La place de l’Office français de l’immigration et de l’intégration

En mars 2013 un rapport de l’Inspection générale de l’administration (IGA) et de l’IGAS (Inspection générale des affaires sociales) sur les étrangers malades est sorti. Face aux difficultés du travail des médecins des Agences régionales de santé dans cette procédure, de l’hétérogénéité des avis rendus, le rapport officiel propose de confier les avis médicaux aux médecins de l’Office français de l’immigration et de l’intégration (OFII). Cette proposition ne convient pas du tout aux associations car l’OFII est sous tutelle du seul ministère de l’Intérieur et fait de la médecine de contrôle… Si une telle évolution se dessinait, on assisterait à une mainmise de l’Intérieur sur toute la procédure, et un évident recul des préoccupations de santé publique.

Immigration : une réforme à venir

Par ailleurs, le calendrier du projet de loi sur l’immigration est chamboulé. Initialement, il devait être déposé fin juillet, c’est reporté. Il pourrait être présenté en conseil des ministres cet automne (entre le 21 septembre et le 20 décembre). Dans ce cas, les débats parlementaires se tiendraient après les élections municipales de mai 2014 avec une entrée en vigueur de la future loi en 2015. Si d’un côté le changement de calendrier a des avantages (la phase de négociation sur le contenu du futur texte est plus longue), de l’autre, il a un inconvénient : il ne met pas un terme aux dysfonctionnements actuels. Pour les associations, il est clair que des mesures provisoires doivent être prises dans l’attente pour y mettre fin.
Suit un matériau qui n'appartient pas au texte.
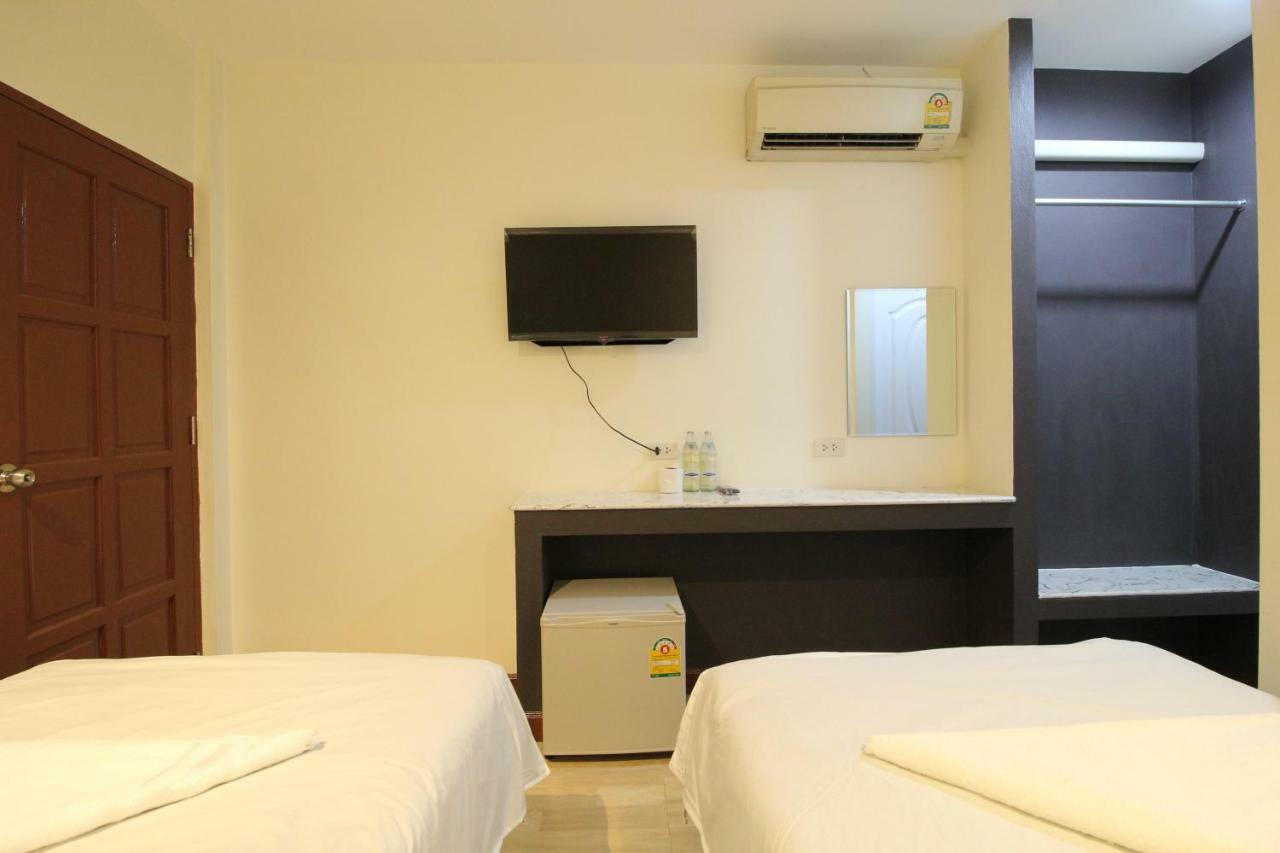 Chaiwat Guesthouse 방콕 외부 사진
Une mobilisation qui porte

La manifestation du 21 juin et la forte médiatisation qui a suivi ont largement contribué à l’obtention de ces rendez-vous. Ils ne permettent évidemment pas de résoudre tous les problèmes, mais permettent des avancées, dont les associations espèrent qu’elles seront utiles dans le cadre de la future réforme. De son côté, AIDES présentera à la rentrée son deuxième rapport sur son Observatoire des étrangers malades. Sa parution sera large et permettra d’en faire connaître les conclusions auprès des préfectures, des Agences régionales de santé, des partenaires et dans les instances de démocratie sanitaire comme les COREVIH.